This article was taken from the November 2011 issue of Wired magazine. Be the first to read Wired's articles in print before they're posted online, and get your hands on loads of additional content by subscribing online.
Francesco Tassone's family-run company, Personal Factory, based in Simbario, Italy, is moving cement manufacture into the cloud.
Rather than purchase cement by the tonne from huge, environmentally unfriendly plants, his customers buy a compact Origami 4 cement machine and mix their own. A web connection supplies the know-how, and Personal Factory provides a coded envelope containing the active ingredients for the cement mix, plus empty cement bags with scannable codes to ensure their contents are precisely what's needed. "Mortar production consists of 98 per cent inert material such as sand, and just two per cent of chemicals that add colour or water proofing," explains Tassone. By shipping only the additives, cement can be manufactured to order using locally sourced sand and gravel.
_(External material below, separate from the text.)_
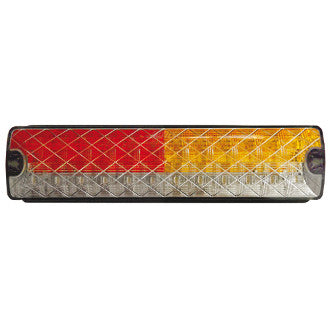 Roadvision LED Rear Combination Lamp 10-30V Stop/Tail/Ind/Rev 204 x 40mm LH Surface Mount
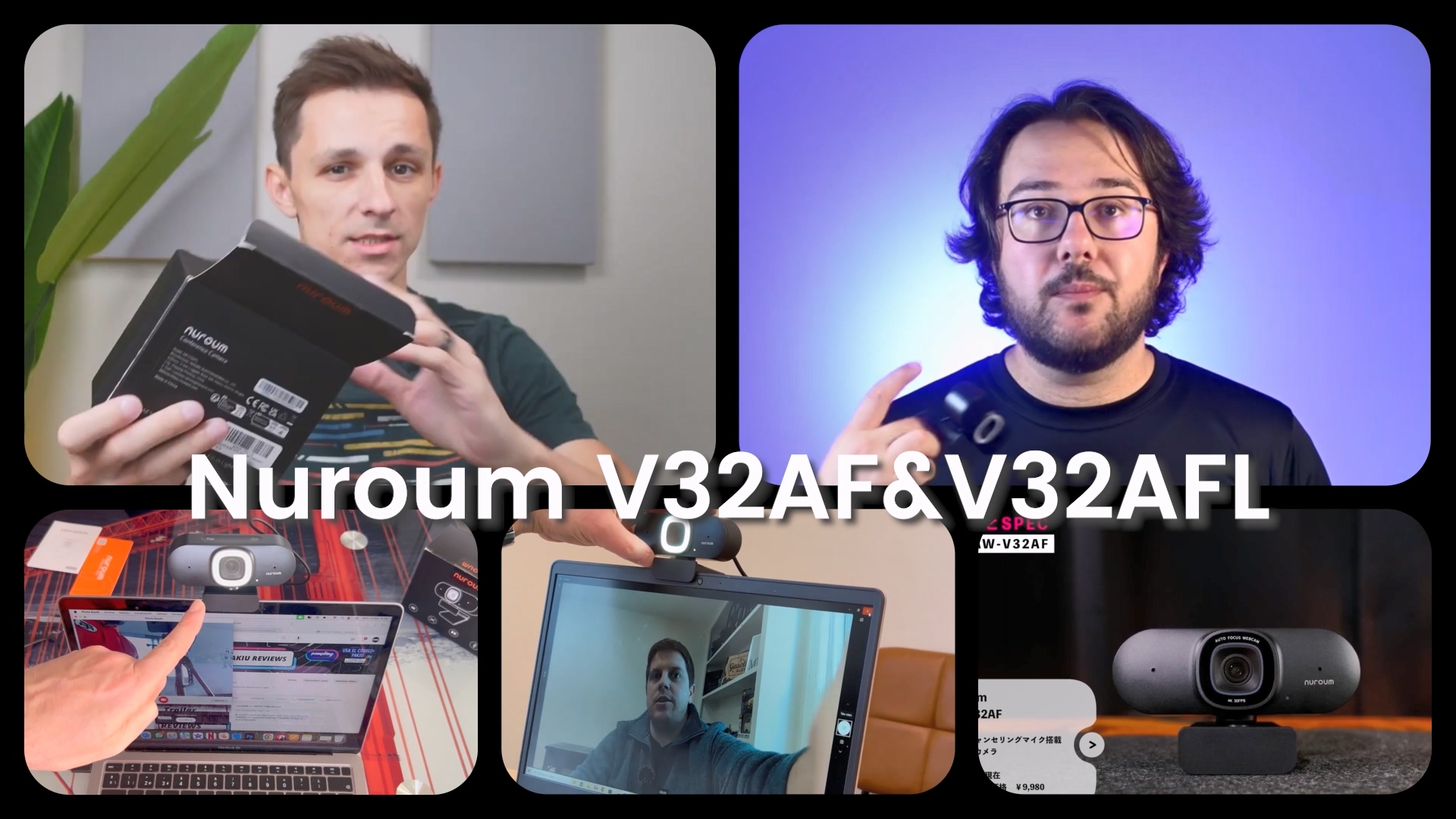 Amazon.com: NUROUM V32AF 4K Webcam for PC, Adjustable FOV, Premium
Overseen by computer software at Personal Factory's base, each Origami 4 can create and bag 80 to 100 tonnes of product. "I started with the idea of cloud computing and ended up with cloud manufacturing," says Tassone. "The goal is to dematerialise and distribute production, while keeping data management centralised. We no longer need to move goods. Just information."
Origami 4 is a self-contained cement plant that takes up just six metres squared. Here's how Personal Factory's amazing machine delivers the goods.\1. On a touchscreen, select the product and raw materials.
\2. Add sand to the cement chemicals from Personal Factory.
\3. Scanning a code tells Origami 4 which cement to make.
\4. Scan an empty cement bag, then put it under the nozzle.
\5. The sand mixes with the chemicals to make the cement.
\6. Origami 4 cleans itself by vibrating at high speed.